-- TASK DATA follows --
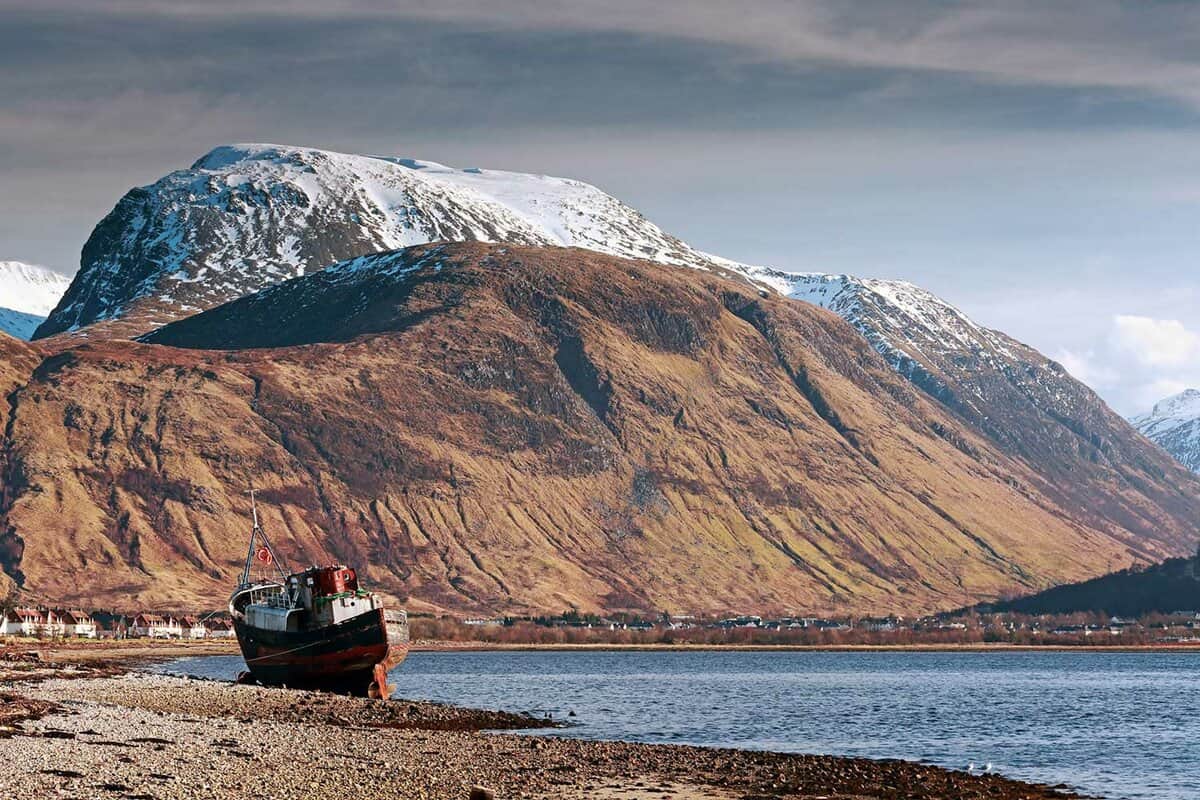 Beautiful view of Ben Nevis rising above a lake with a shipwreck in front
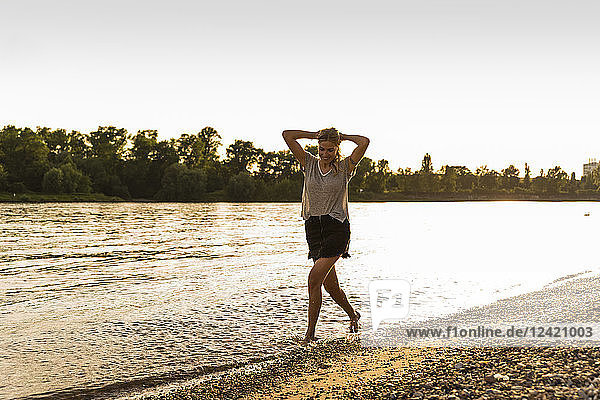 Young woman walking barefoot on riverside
-- TASK DATA concluded --
-- TASK DATA follows --
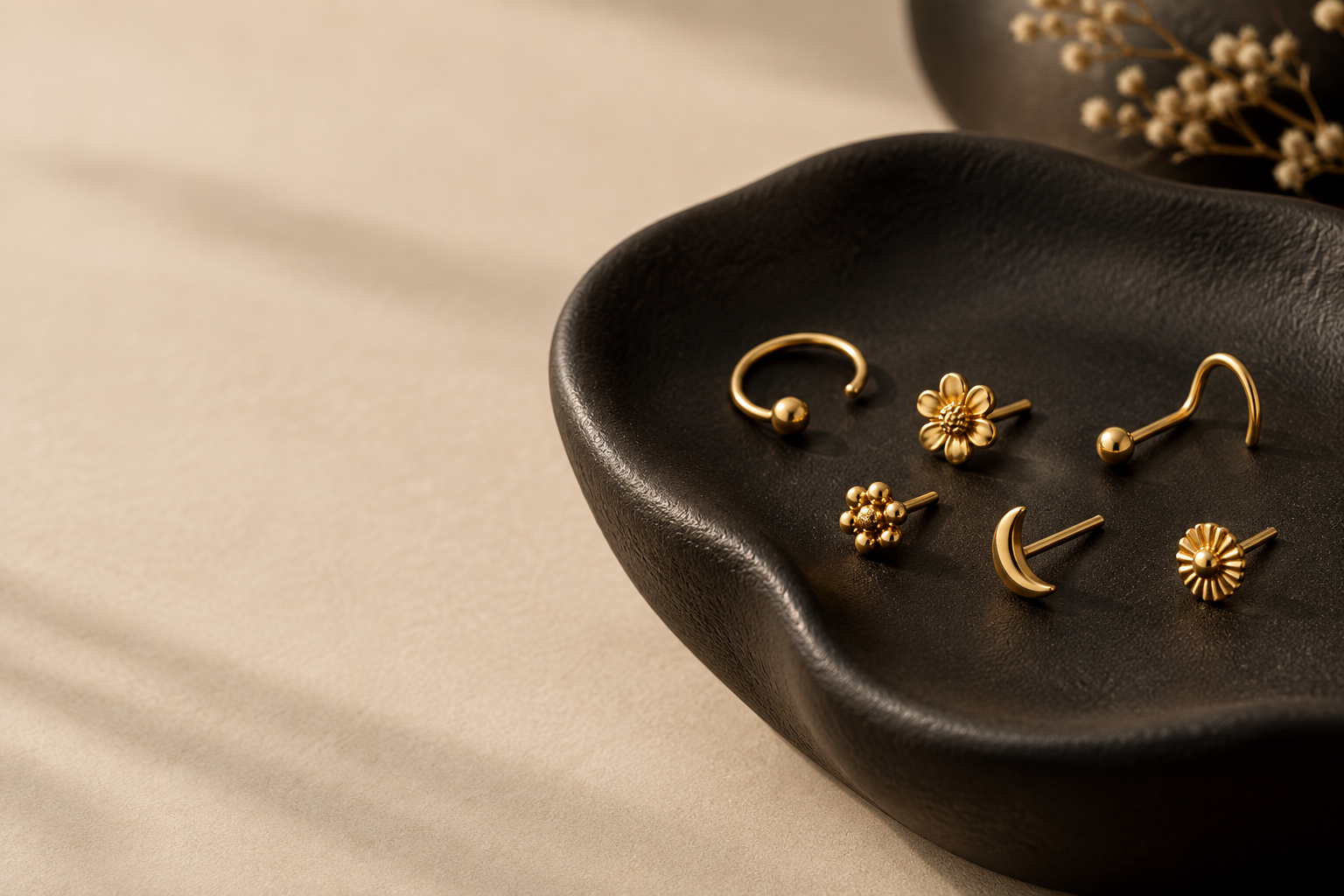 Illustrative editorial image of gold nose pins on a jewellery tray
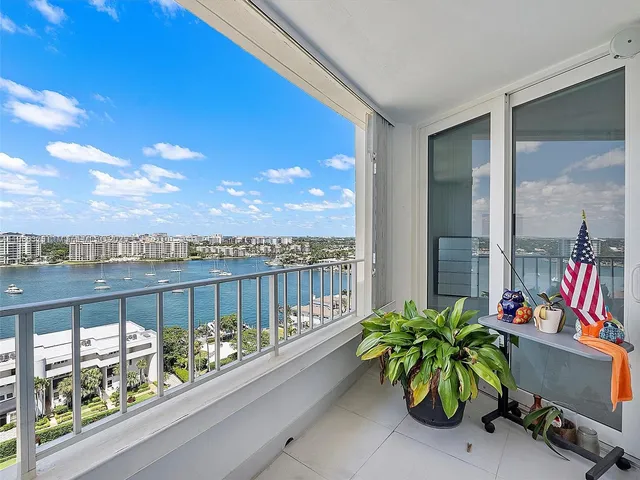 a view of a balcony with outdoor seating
-- TASK DATA concluded --
-- TASK DATA follows --
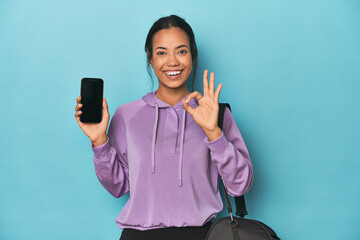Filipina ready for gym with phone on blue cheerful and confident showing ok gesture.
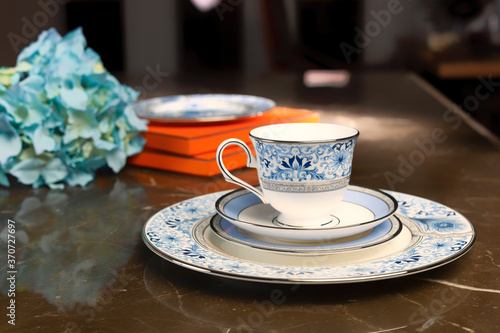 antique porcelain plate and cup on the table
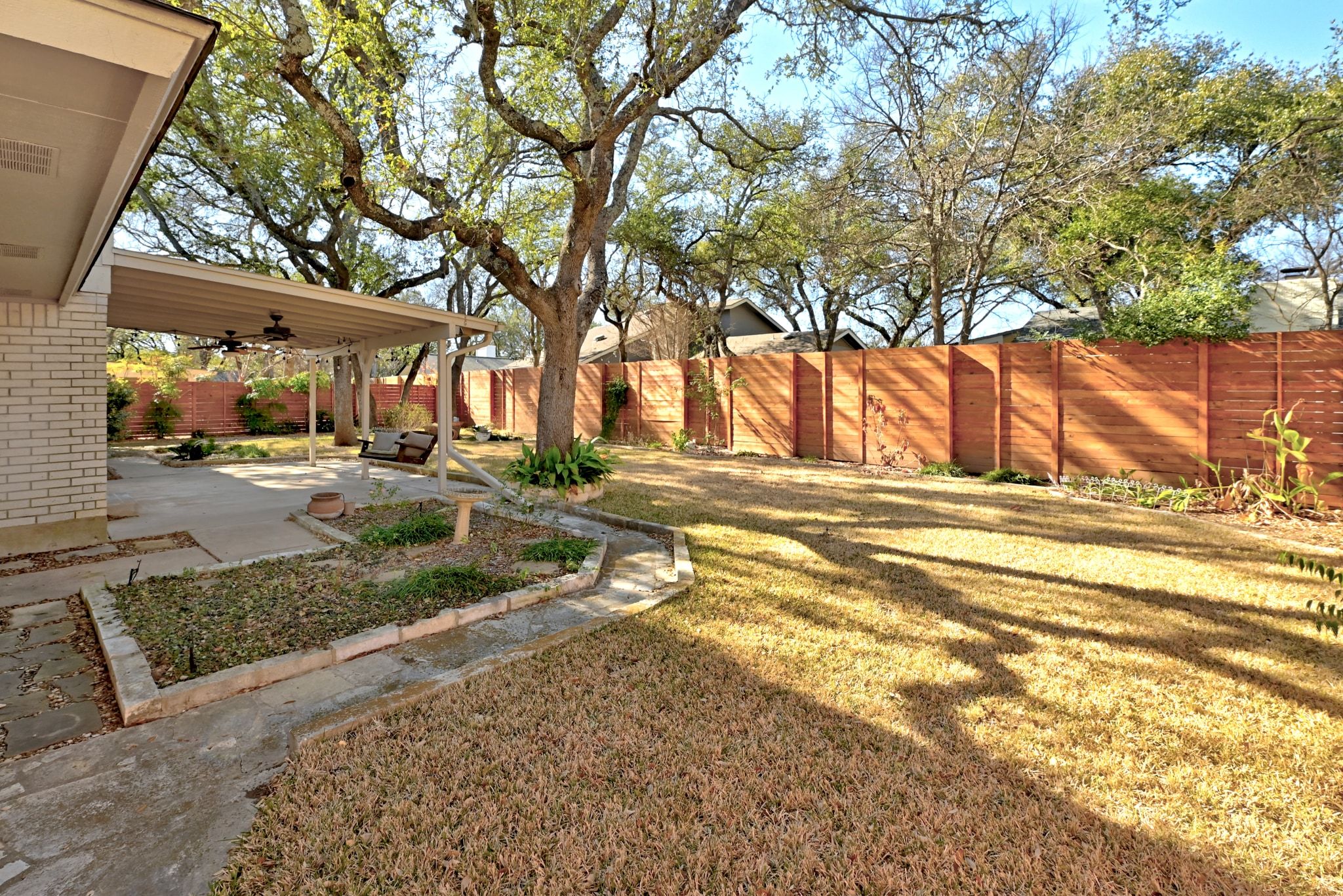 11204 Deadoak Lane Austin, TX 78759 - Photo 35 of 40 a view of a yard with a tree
-- TASK DATA concluded --
YOUR ASSIGNMENT:
Here the job is to copy the listing above word for word, starting at the line with "Beautiful view of" and ending at the line with "Young woman walking barefoot on riverside", and to leave out the pictures.

SOLUTION BELOW:
 Beautiful view of Ben Nevis rising above a lake with a shipwreck in front
 Young woman walking barefoot on riverside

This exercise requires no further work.